-- Your assignment --
Could you retype exactly the line containing "Estante metálica vintage em preto e vermelho" and every line after it in the data below, leaving out the pictures?

-- Collected data entries --
• • • • • • •
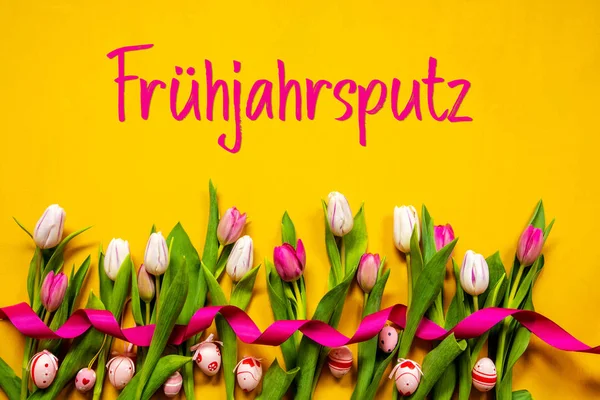 Tulipa colorida, Fruehjahrsputz significa limpeza da primavera, ovo de Páscoa, fundo amarelo — Fotografia de Stock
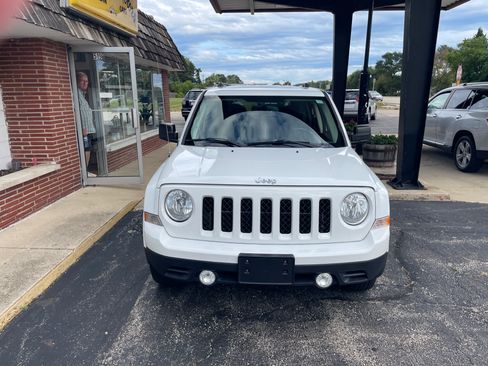 Used 2015 Jeep Patriot 4WD High Altitude image 6
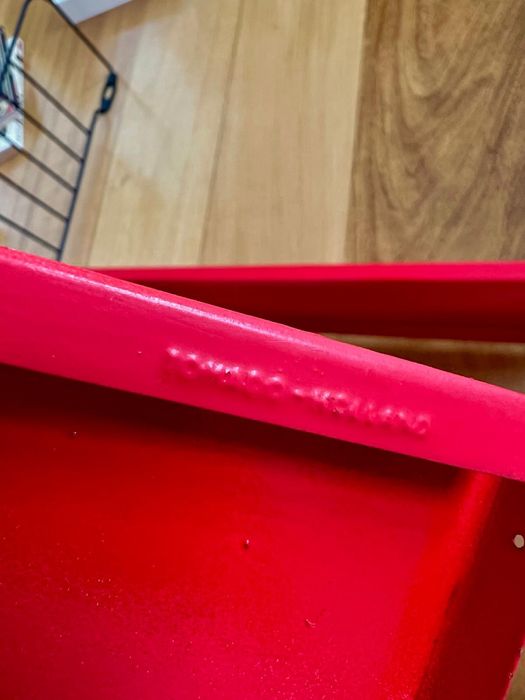 Estante metálica vintage em preto e vermelho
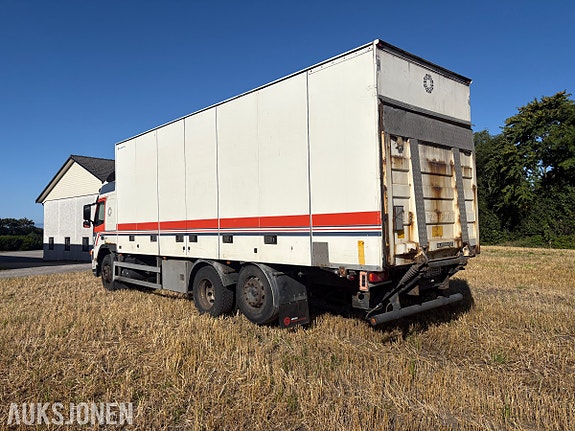 Volvo FM9 8 of 30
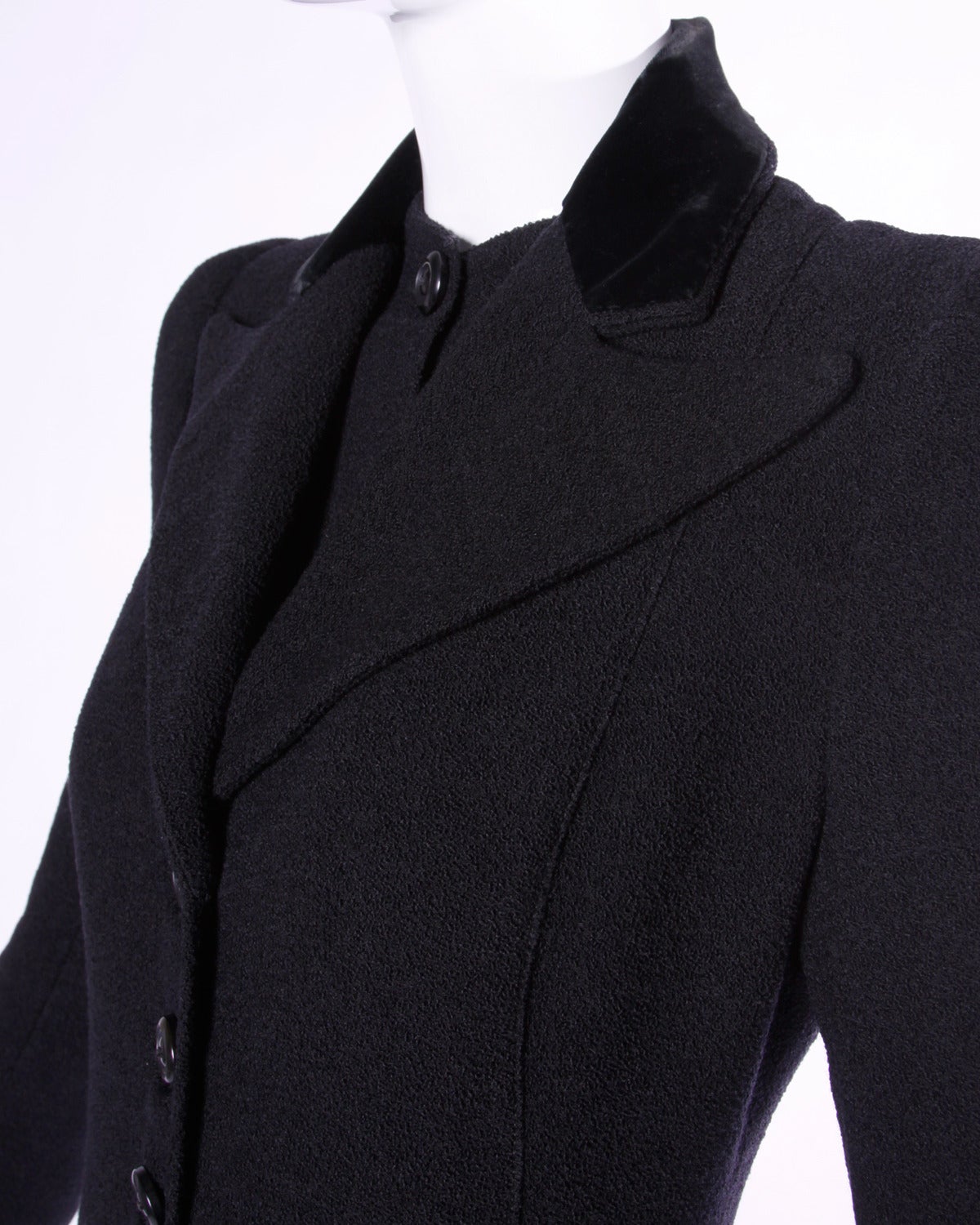 Elegant Vintage 1940s 40s Black Wool Princess Coat with Bold Shoulders In Excellent Condition In Sparks, NV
• • • • • • •
-- Exercise response --
 Estante metálica vintage em preto e vermelho
 Volvo FM9 8 of 30
 Elegant Vintage 1940s 40s Black Wool Princess Coat with Bold Shoulders In Excellent Condition In Sparks, NV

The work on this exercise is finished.